╭─ RECORDS SUPPLIED

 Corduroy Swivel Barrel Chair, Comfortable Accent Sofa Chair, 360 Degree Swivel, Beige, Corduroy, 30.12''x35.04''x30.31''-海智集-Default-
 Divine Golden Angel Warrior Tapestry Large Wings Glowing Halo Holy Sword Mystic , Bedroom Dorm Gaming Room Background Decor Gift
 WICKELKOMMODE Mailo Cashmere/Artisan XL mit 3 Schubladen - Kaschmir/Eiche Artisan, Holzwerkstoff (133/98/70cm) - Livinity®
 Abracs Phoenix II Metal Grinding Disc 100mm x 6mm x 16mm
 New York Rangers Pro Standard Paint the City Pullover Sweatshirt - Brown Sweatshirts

╰─

DIRECTIONS FOR THIS TASK:
Give back the complete data, each line unchanged.

PROBLEM SOLUTION:
 Corduroy Swivel Barrel Chair, Comfortable Accent Sofa Chair, 360 Degree Swivel, Beige, Corduroy, 30.12''x35.04''x30.31''-海智集-Default-
 Divine Golden Angel Warrior Tapestry Large Wings Glowing Halo Holy Sword Mystic , Bedroom Dorm Gaming Room Background Decor Gift
 WICKELKOMMODE Mailo Cashmere/Artisan XL mit 3 Schubladen - Kaschmir/Eiche Artisan, Holzwerkstoff (133/98/70cm) - Livinity®
 Abracs Phoenix II Metal Grinding Disc 100mm x 6mm x 16mm
 New York Rangers Pro Standard Paint the City Pullover Sweatshirt - Brown Sweatshirts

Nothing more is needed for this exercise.